Which do we love? Creation? Do we want to join-with creation and draw-upon the the creative essence in our-selves to add to creation, harmoniously? 

Or, do we intend to use creation for our own goals; do we want to take and redirect the energies released as creation is destroyed? 

Or, do we want divine creation to be controlled, directed and shaped in accordance with our own (totalitarian, this-world, socio-political) ideology? 

Or, perhaps we simply hate creation, resent its very existence; and want to see it destroyed; will even use our own energies to see it destroyed (even whether or not we personally benefit from that destruction). 


But the core choice is binary: Are we for divine creation; or (in some way) against it. 

Because being against creation, one may change one's motivations, as corruption affects a person, as evil gets a grip and attains mastery over a soul.. 

The lust-full hedonist becomes a soul-less bureaucrat becomes one who loathes all that is Good simply because it is Good... 


Such is this mortal life of mine, of yours - woven from strands of creation and chaos. 

Life comes to us; in thought as well as action - like it or not. And we choose between the strands - again and again until the final choice. 

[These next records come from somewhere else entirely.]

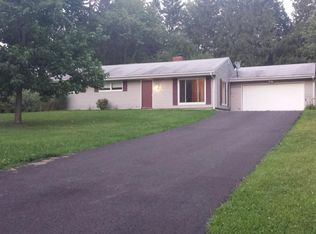 8473 Bobolink Dr, Macedonia, OH 44056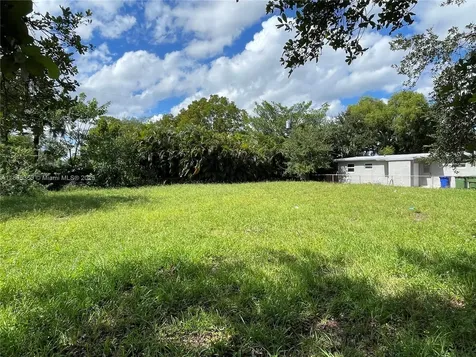 833 NW 12th Avenue Fort Lauderdale FL 33311
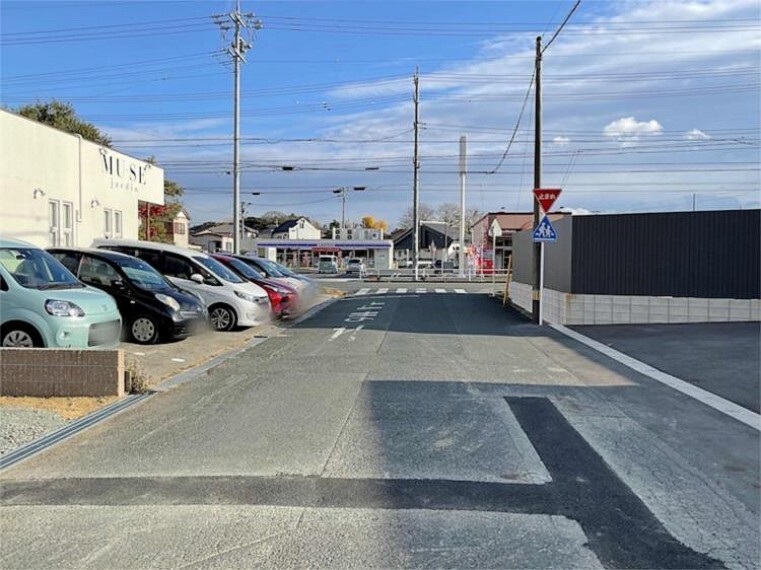 現況写真 前面道路は公道で、車のすれ違いもラクラクな広々約7.50mの幅があります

We experience both sides of life; we are intended to learn what these two possibilities entail and imply; we should learn to discern between them - to know them the one from the other. 

So, we live this life; we our-selves are both divine, and also we are always returning to chaos. We are compelled to choose where our affiliation lies... 

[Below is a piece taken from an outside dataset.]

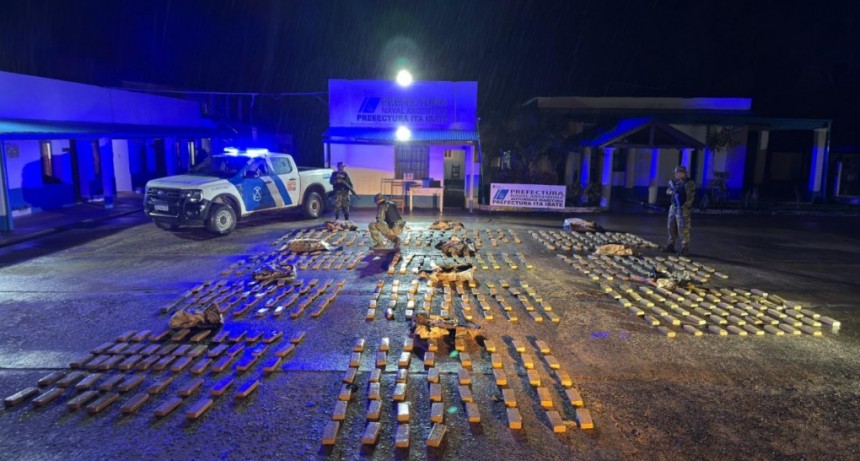 Corrientes: Prefectura incautó más de 400 kilos de marihuana valuados en mil millones de pesos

We may change sides for a while, but eventually we must pick sides: forever


Are we to become a co-creator in the divine work of creating (resurrected life in Heaven)? 

Or are we to become an exploiter-of creation; do we aspire to become a parasite, a tyrant or destroyer of creation? 

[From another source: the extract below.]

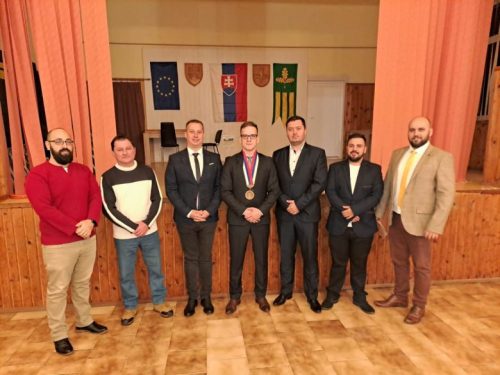 POĽANY: A Felső-Bodrogközben, Királyhelmectől 7 km-re északra, Lelesz és Szolnocska települések között, a Latorca bal oldalán.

Such is our mortal life, such is this dual world of creation and entropy and our life of choosing, our life - ultimately - of making a commitment one way, or the other. To join-with and participate in creation... Or, else to reduce creation towards chaos for our own purposes - whether to vampirically feed-upon creation's energies, to control and direct creation, or reduce creation to chaos from sheer destructive spitefulness. 


2 comments:

Francis Berger said...

Well put. The emphasis on the choice between chaos and creation - particularly the ultimate eternal choice between the two - is very important.

I also appreciate the re-framing of the Luciferic, Ahrimanic, and Sorath as parasite, tyrant, and destroyer. A comprehensible and accessible framework through which to understand these three forms of evil.

Bruce Charlton said...

@Frank

Thanks. In this post I was thinking of creation as being a resource that the powers of evil use and use-up.

Indeed, all action in this world seems to increase entropy; because to modern Man creation is invisible and excluded by assumption (I speak from personal experience in this).

But creation must come before entropy.

As usual, the Ahrimanic attitude is hardest to understand - but I was quite pleased with the comparison with an attempt to take over and redirect creation to anti-creative ends. That is certainly how it felt in the Systems I worked - the National Health Service and Universities... Everything they did (every new change and 'reform') degraded creative energies and the individual person's who were the source of Good; but while they survived the System used them (or tried to) for its own purposes.

Ahrimanic bureaucrats of the earlier post-millennial era were (for a while) keen on advertising their 'passion' for noble causes, their support of 'creativity' or (approved) whacky and pseudo-eccentric (vetted and neutered) 'independent thinkers', their support of 'local' initiatives etc - and running media propaganda to that effect... Until their bosses told them otherwise, and then they crushed them all!